When Genji’s marries Aio, she refuses to open up to him and so he pursues a series of affairs. One of them is with Lady Rokugo, who is very jealous of Aio’s relationship with Genji, so much so that her spirit ends up killing another woman named Yugao, who has a relationship with Genji. She even attacks Aoi while she’s giving birth. Seimei, who crosses between both reality and the world of the tale of Genji supernaturally, makes sure the baby is born through excess spiritual warfare while Buddhist monks are chanting an exorcism, but eventually, Aoi dies after the birth. Shemei tells Mishinaga that Lady Rokugo’s wicked sin will harm all of them.

In the meantime, the Emperor has taken up with another consort, who reminds him of Genji’s mother. Genji is also in love with her and has an affair, which produces a child whom the Emperor makes his successor before he dies. The Emperor’s comments seem to indicate that he knows Genji is the father.

At one point, Genji meets Murasaki, crossing the line between the historical and the fictional. Genji asks her when will you stop torturing me, and she answers that his happiness is not possible.

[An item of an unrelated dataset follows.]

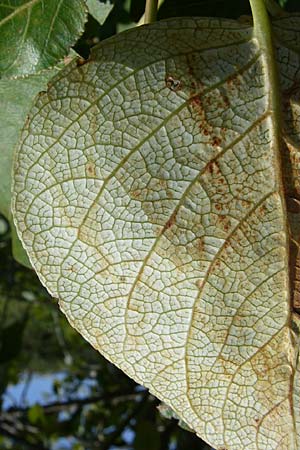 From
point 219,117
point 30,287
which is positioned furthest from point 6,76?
point 30,287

On an artistic level, THE TALE OF GENJI is a truly great movie and highlights the greatness of the novel, which is extremely long and is structured in a way that precedes novels only in the later 20th Century, with history and fiction interpenetrating each other. The movie makes clear which is which. Also, the transformation of passions and emotions into demons is a wonderful device for helping to understand the depth of the psychological issues involved.

As a book, THE TALE OF GENJI set the stage for Japanese culture right up to the 20th Century for a thousand years. It should be noted that at the time of the imperial palace at Kyoto, romantic relationships were common among men and women, with the men as well as women instigating them. The women lived in separate apartments from their husbands, and their affairs were not looked down upon. That said, the women and the men were dressed in layers of clothes and beauty manifested itself in small areas, such as the nape of the neck and movements, not in overall nakedness. Genji’s handsomeness is manifested in his elegant dances. It is also manifested in the poetry and other ways he woos women. Murasaki in fact is invited into the court because of the beauty of her writing. Both men and women were either elevated for the excellence of their writing or demoted for their inability to write beautifully. Men generally wrote poetry, and women wrote what we would call romance novels to tell other women in their apartments at the imperial palace. Most of this highly evolved courtly behavior is foreign to Western Civilization. The amazing part of this particular movie is that it captures the essence of the novel on screen in a wonderfully entertaining way, just as Peter Jackson did when he made LORD OF THE RINGS.